Problem -
Every line from the line containing "A Typical Dutch House" through the final line below is to be repeated exactly; no other line is.

Data items:

______________________________

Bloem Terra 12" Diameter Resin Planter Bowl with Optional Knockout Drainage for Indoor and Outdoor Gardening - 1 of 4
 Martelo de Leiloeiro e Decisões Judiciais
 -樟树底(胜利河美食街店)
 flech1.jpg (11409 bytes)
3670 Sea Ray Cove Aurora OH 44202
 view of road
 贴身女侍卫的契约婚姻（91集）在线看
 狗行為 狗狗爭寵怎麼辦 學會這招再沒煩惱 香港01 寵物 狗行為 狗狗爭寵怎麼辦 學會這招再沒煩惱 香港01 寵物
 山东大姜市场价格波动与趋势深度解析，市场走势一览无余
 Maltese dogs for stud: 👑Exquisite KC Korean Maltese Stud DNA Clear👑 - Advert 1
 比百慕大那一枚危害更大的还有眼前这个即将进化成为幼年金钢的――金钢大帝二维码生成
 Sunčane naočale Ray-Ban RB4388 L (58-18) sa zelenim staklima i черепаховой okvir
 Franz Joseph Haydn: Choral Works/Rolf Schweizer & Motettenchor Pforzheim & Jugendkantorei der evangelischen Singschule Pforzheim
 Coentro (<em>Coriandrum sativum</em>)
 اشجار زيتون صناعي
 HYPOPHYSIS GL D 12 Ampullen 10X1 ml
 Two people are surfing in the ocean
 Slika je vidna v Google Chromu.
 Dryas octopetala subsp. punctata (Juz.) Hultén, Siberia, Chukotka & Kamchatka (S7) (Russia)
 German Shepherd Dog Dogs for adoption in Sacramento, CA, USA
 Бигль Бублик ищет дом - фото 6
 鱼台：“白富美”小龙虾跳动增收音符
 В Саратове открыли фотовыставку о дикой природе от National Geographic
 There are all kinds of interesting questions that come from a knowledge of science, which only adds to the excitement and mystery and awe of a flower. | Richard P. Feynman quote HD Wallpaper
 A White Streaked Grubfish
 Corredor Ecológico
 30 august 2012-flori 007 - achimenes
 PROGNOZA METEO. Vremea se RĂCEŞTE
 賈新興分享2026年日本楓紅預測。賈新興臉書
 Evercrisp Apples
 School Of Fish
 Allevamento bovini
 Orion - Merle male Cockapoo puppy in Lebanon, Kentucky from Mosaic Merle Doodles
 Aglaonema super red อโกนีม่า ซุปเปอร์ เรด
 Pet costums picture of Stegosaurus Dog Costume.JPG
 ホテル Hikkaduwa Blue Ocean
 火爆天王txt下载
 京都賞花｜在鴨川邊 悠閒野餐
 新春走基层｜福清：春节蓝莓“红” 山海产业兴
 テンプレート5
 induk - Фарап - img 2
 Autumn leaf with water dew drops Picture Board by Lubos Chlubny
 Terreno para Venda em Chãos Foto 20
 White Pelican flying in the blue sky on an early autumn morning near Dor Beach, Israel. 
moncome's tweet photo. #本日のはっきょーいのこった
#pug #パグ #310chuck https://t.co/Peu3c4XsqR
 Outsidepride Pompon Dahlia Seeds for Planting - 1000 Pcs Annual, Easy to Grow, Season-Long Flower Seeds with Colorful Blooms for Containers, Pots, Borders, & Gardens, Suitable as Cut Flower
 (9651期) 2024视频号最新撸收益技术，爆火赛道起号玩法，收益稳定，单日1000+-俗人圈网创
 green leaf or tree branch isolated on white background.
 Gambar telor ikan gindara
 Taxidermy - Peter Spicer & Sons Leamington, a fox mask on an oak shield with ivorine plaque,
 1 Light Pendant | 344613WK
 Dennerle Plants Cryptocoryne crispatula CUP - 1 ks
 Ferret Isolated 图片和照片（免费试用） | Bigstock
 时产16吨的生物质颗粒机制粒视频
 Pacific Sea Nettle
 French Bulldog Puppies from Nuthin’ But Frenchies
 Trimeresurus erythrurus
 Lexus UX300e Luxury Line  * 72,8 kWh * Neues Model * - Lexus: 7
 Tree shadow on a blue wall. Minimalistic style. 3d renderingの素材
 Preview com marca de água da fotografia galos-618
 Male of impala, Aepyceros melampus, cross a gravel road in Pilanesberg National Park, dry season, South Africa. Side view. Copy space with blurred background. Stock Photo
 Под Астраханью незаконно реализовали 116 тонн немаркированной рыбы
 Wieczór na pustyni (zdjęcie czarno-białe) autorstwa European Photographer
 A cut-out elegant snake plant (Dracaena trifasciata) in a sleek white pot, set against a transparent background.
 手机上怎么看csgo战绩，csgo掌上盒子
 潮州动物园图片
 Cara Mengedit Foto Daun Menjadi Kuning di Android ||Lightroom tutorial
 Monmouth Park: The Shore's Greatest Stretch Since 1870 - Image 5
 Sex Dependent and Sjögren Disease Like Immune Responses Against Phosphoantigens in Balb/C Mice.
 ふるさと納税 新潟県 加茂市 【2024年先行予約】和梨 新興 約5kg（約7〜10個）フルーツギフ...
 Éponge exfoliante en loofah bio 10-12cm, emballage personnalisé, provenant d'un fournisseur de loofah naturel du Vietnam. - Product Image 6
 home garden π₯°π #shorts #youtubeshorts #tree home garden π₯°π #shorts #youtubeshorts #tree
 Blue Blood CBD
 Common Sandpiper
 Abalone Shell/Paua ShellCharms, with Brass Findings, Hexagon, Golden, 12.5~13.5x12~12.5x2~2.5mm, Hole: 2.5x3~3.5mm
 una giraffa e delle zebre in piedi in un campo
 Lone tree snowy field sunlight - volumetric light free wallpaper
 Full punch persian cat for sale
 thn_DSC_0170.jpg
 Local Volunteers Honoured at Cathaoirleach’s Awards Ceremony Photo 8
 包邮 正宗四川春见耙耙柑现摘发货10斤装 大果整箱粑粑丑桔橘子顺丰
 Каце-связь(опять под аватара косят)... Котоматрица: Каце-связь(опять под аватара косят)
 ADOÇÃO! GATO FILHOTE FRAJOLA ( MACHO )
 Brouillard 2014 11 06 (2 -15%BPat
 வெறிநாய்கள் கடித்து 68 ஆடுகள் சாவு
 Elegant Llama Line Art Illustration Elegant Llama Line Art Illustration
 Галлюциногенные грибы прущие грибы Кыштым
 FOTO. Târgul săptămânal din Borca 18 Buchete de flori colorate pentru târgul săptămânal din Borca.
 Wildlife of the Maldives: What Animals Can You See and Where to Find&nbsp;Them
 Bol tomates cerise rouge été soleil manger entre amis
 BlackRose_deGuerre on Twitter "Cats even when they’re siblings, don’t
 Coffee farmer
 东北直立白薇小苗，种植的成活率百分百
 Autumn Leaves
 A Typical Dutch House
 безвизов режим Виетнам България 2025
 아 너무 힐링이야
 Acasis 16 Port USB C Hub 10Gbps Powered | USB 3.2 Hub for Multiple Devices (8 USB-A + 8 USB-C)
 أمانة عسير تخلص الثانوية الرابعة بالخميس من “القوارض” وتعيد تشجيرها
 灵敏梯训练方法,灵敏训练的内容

______________________________

Task answer -
 A Typical Dutch House
 безвизов режим Виетнам България 2025
 아 너무 힐링이야
 Acasis 16 Port USB C Hub 10Gbps Powered | USB 3.2 Hub for Multiple Devices (8 USB-A + 8 USB-C)
 أمانة عسير تخلص الثانوية الرابعة بالخميس من “القوارض” وتعيد تشجيرها
 灵敏梯训练方法,灵敏训练的内容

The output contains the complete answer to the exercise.